Transcribe exactly the lines below that begin at the line with "4 Juli. [Instagram/tamarableszynskiofficial]" and stop after the line with "Die Nibelungen –", leaving out every picture.

*** The records ***

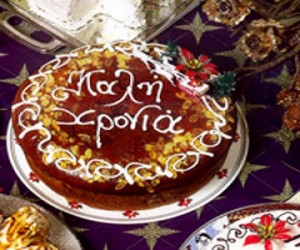 Традиційний грецький новорічний пиріг нерозривно пов'язаний з приходом Нового року, і його можна зустріти у всіх областях Греції, зрозуміло, з деякими відмінностями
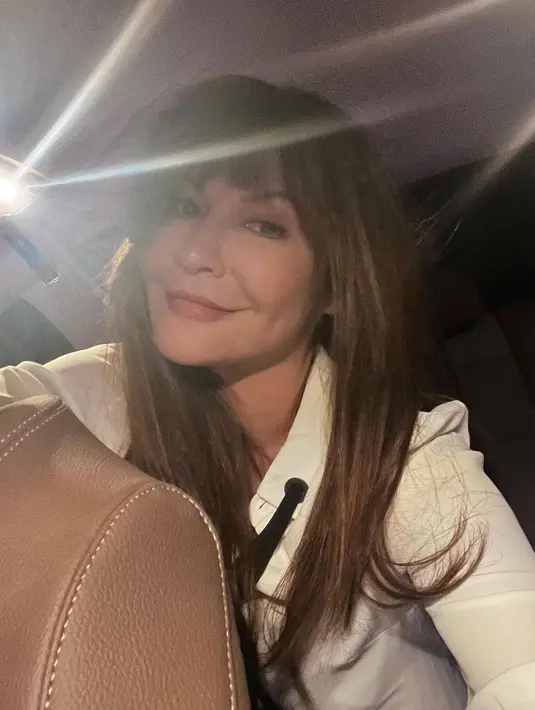 "Penampilan terbaru dari Tamara B sesudah hotman minta potonh rambut," tulis hotmanparisofficial mengunggah foto Tamara dengan penampilan baru saat di dalam mobil pada 4 Juli. [Instagram/tamarableszynskiofficial]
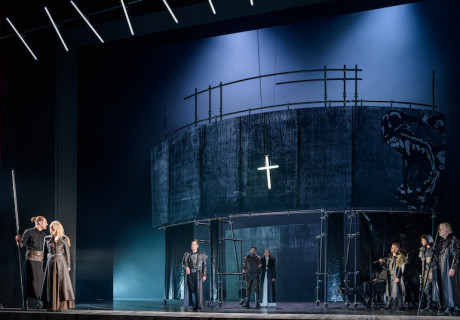 Die Nibelungen – Nationaltheater Weimar – Hasko Weber gelingt ein konzentriert-brisanter Abend ohne plakative Aktualisierungen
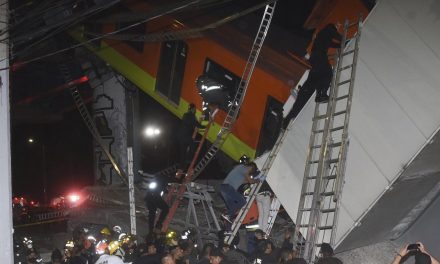 Video muestra momento exacto del desplome del Metro de la Ciudad de México; suman más de 20 muertos y decenas de heridos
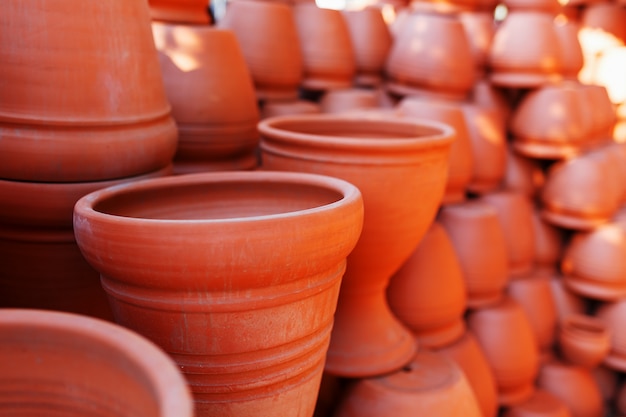 Vajilla de cerámica hecha a mano de arcilla de color terracota marrón.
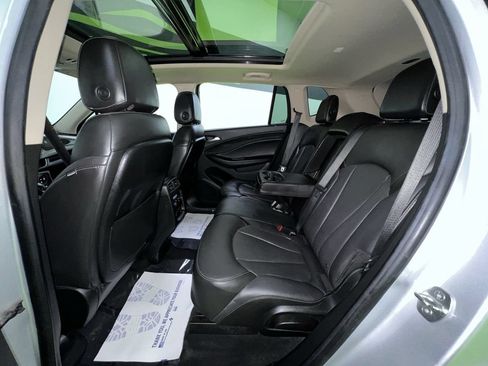 Used 2018 Buick Envision Premium AWD/4WD image 28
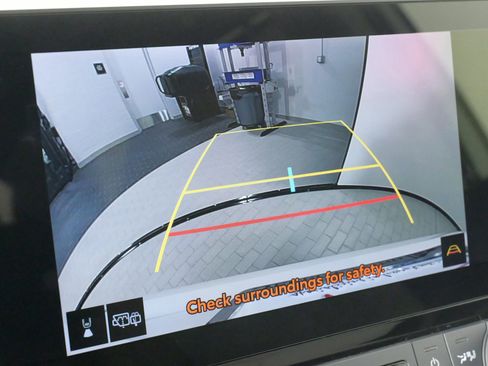 Used 2024 Toyota Grand Highlander XLE image 48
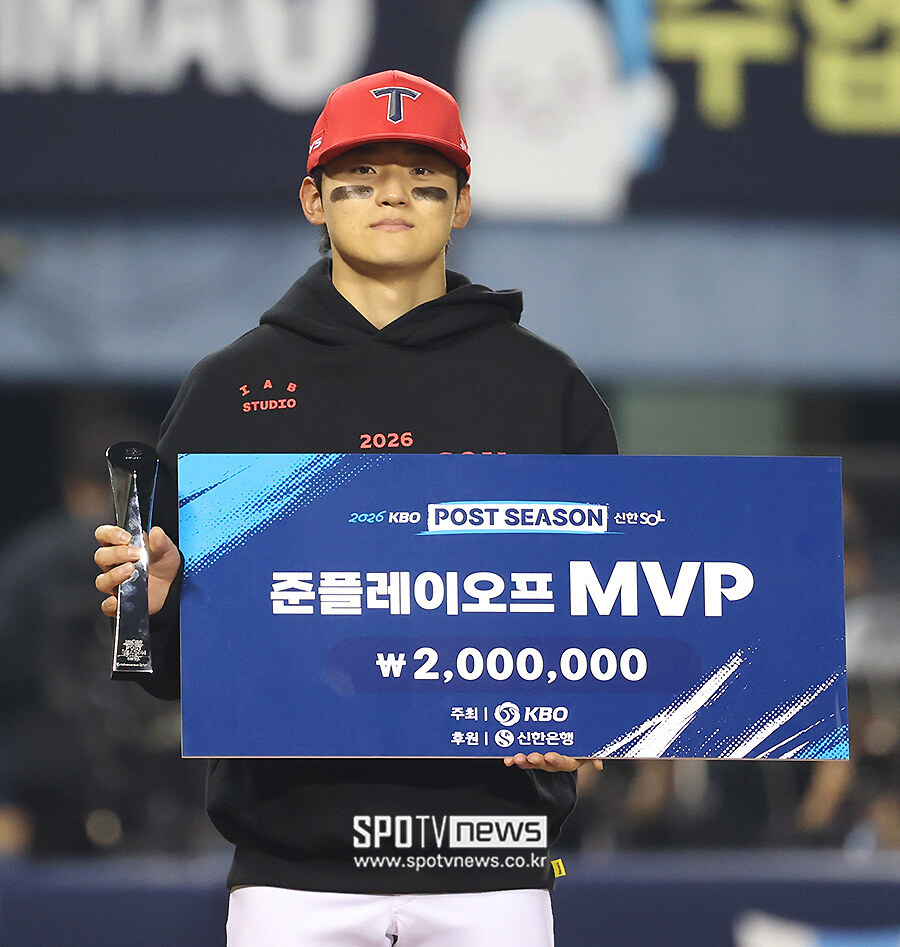 [포토S] 가을야구에서도 미친 김도영, '준플레이오프 MVP'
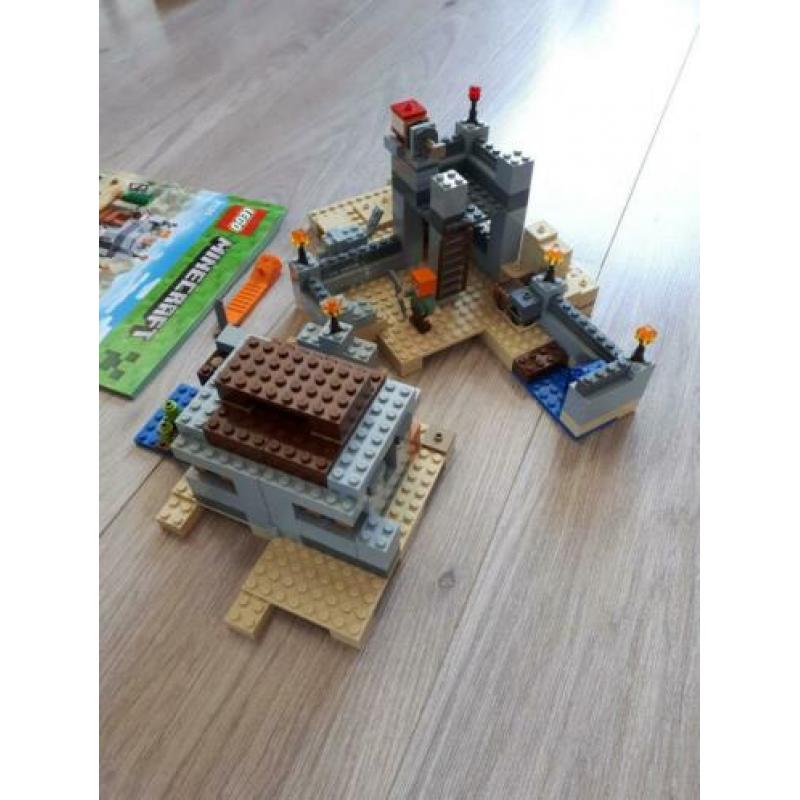 Lego Minecraft 21121 Woestijnuitkijkpost! Compleet!!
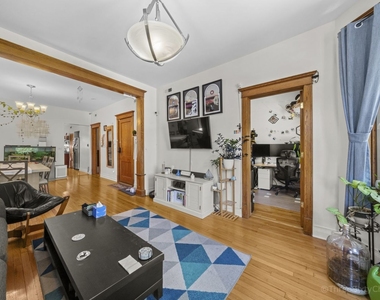 2254 N Avers Avenue - Photo Thumbnail 4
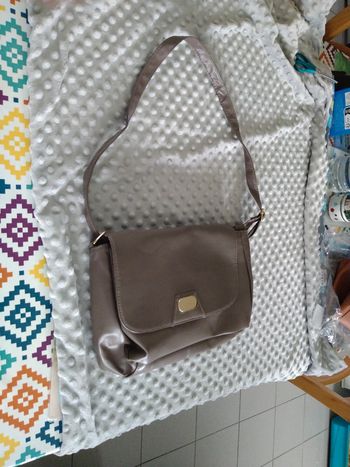 Sac a main largeur 30 cm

*** End of The records ***

◆ Written answer:
 "Penampilan terbaru dari Tamara B sesudah hotman minta potonh rambut," tulis hotmanparisofficial mengunggah foto Tamara dengan penampilan baru saat di dalam mobil pada 4 Juli. [Instagram/tamarableszynskiofficial]
 Die Nibelungen – Nationaltheater Weimar – Hasko Weber gelingt ein konzentriert-brisanter Abend ohne plakative Aktualisierungen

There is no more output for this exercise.